Once again I get the chance to fill in for Harry while he is gone. I will attempt to keep up with the high standard he has set.

  • Be careful with trampolines. I have a four year old that was bouncing on a trampoline this weekend. He twisted his knee slightly on landing, and decided that the fastest way to get comfort was to jump off the edge. His knee gave out and he fractured his tibia. I don’t think this was how he planned to start his summer. At least he is pretty calm about the whole thing.
  • It looks like there is a good product out there named CliSecure to obfuscate .net code. From what I was able to read it looks like a pretty decent product, even hiding the code while its in memory. (via Larkware)
  • TechEd started this morning. While I am sure Harry will be giving some on-site reports there is a link to the virtual site here.

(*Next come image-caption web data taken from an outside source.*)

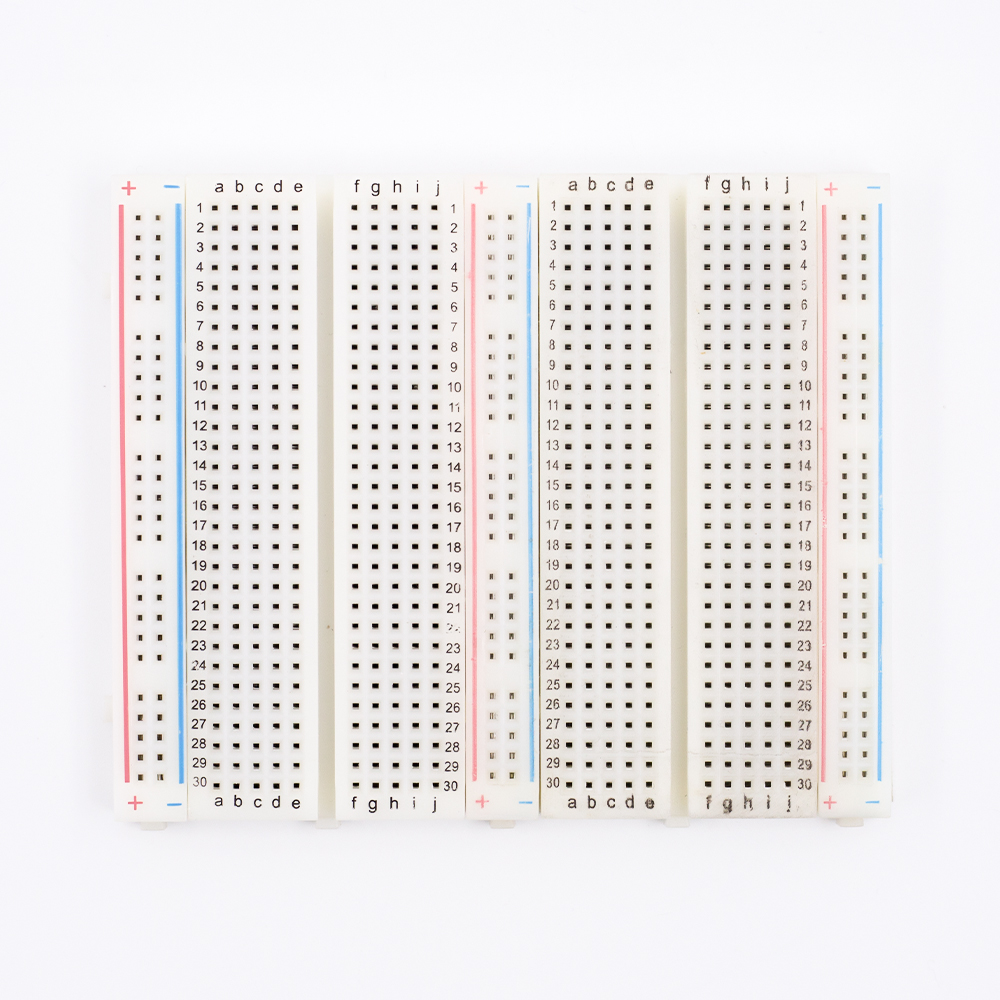 Breadboard (750 точек)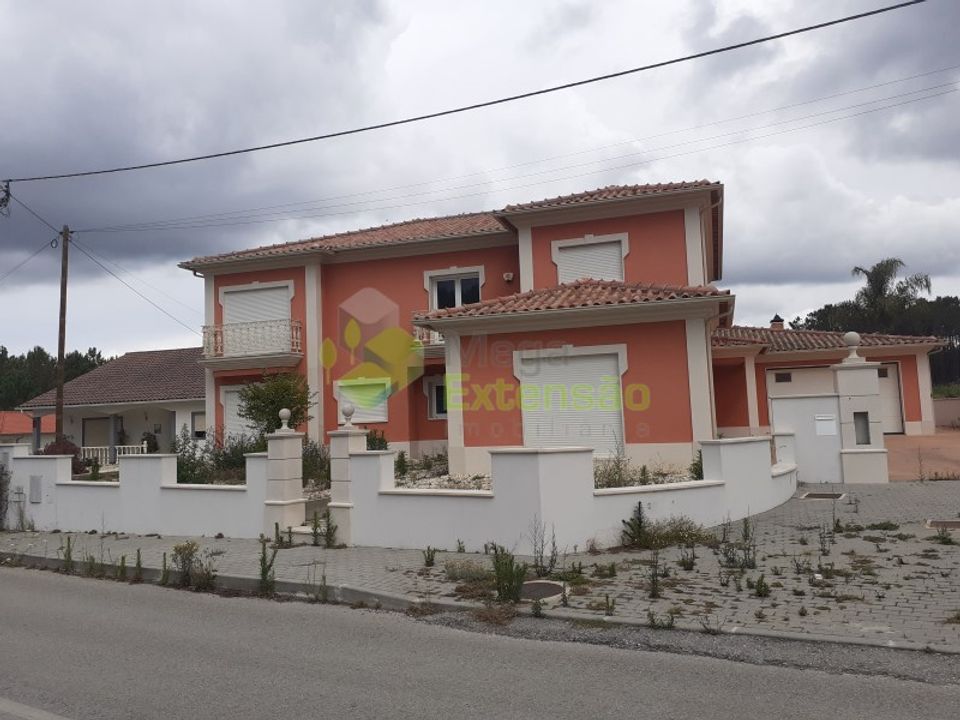 Villa i Bidoeira de Cima, Leiria - foto 2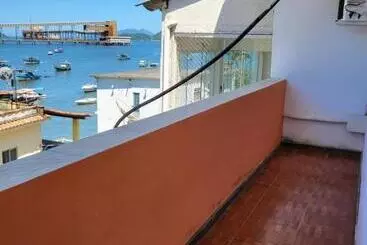 Alberg Pousada Mare Alta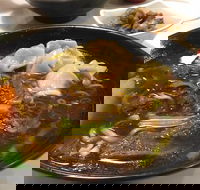 Yang's Cuisine Traditional Taiwanese Food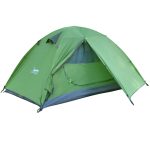 2 persoons Tent Lichtgewicht Desert Fox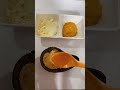 Turmeric Gram Flour Besan And Honey Face Pack Skincare Beauty Besan Turmeric Honey Shorts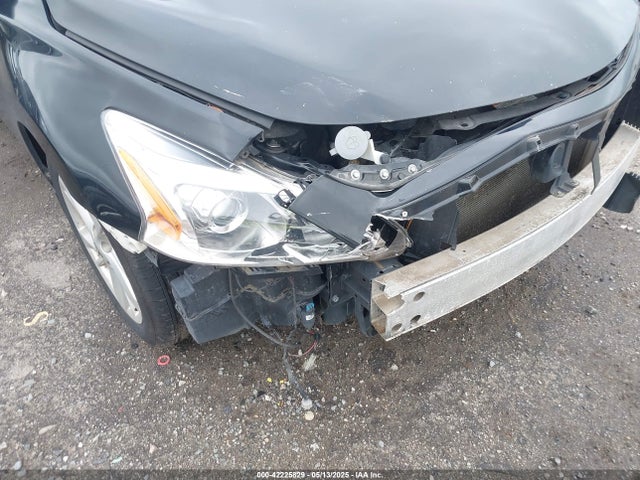 Nissan Altima 2.5 Sv 2014 1N4AL3AP1EN217100 Image 14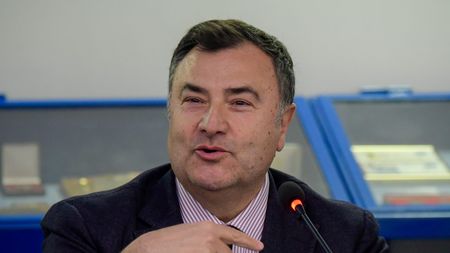 Joe Barone Fiorentina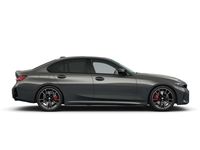 Gebraucht BMW 340 387 PS (284 kW) 2024 Dravitgrau metallic Limousine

  • There is a great video showing Gregor Hohpe talking about SOA, and the many unrealistic claims in the industry. If you have read any of Hohpe’s work it is clear that he has a great understanding of the topic. (via Nick Malik)
  • The NBA Finals will begin this week with the Spurs playing the Cavaliers and King LeBron. I wonder if this will help rescue the NBA from what seems to be a real apathy on the part of the average fan. Other than the series between Dallas and Golden State earlier in the play-offs it really seems there haven’t been any compelling stories. The NBA really needs a shot in the arm to become relevant again.